The IFC’s development impact calculations will not factor in the degree to which the relationship between the contractor and worker representatives contributed to the smooth running of the project and helped to ensure that a long list of undesirable impacts on workers and the local community were avoided.

They will certainly not factor in the long-term impact of the new building trades training centre.

With this kind of information failing to find its way into the World Bank evidence base, it is hardly surprising that the WDR excludes from consideration the possibility that systematic support for and capacity-building work with trade unions and other workers’ organisations could make a significant contribution to the management and reduction of social and economic risk.

The evidence about the positive impact of independent worker representation and collective bargaining on social and economic development is simply not put onto the scales.

For this reason, and whatever its other merits, the WDR 2014 is bad policy science.

My advice to next year’s WDR team is that before they start to write their report they sit down with some of their colleagues from the International Labour Organization (ILO).

Maybe at that meeting they could discuss the ILO’s research on the impact of collective bargaining on low wages, and on the impact of raising the wage floor on economic development and resilience in the face of risk.

They could ask about the strong and internationally consistent correlation between union presence and safer workplaces.
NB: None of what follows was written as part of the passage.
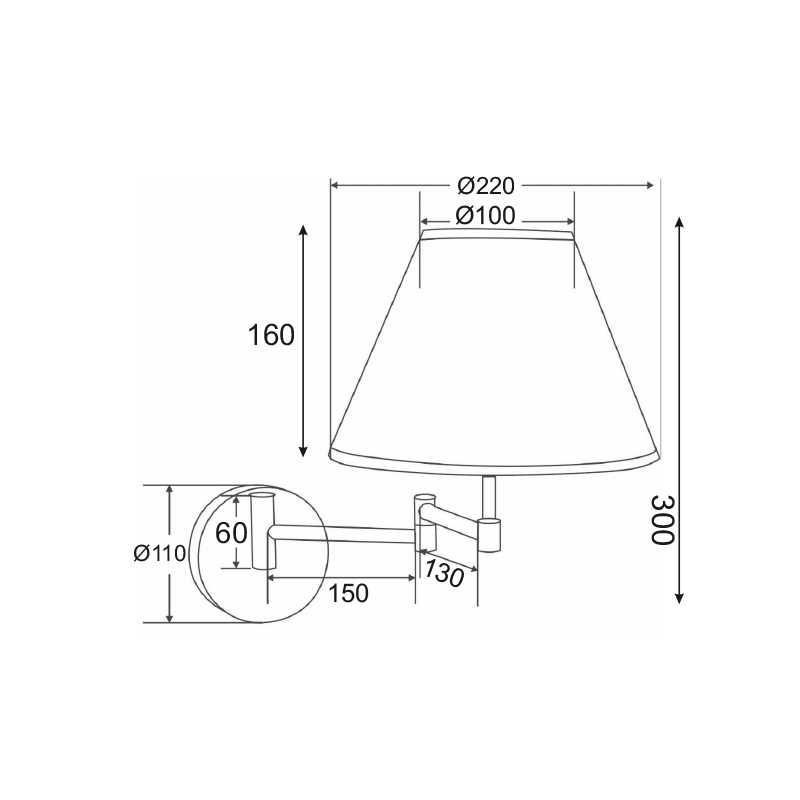 WALL LAMP 1ΧΕ27 BLACK CLOTH SHADE SUWON SUWB01B WALL LAMP 1ΧΕ27 BLACK CLOTH SHADE SUWON SUWB01B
And then perhaps they should call up the Uganda Building Union and ask if they can visit that training centre standing proudly on the road from Kampala to Entebbe.

They might learn something there, too.

 

Conor Cradden is a research fellow at the University of Lausanne in Switzerland. This article draws on research funded by the Swiss Network for International Studies, a publicly funded grant-giving body based in Geneva. The author is writing in a personal capacity.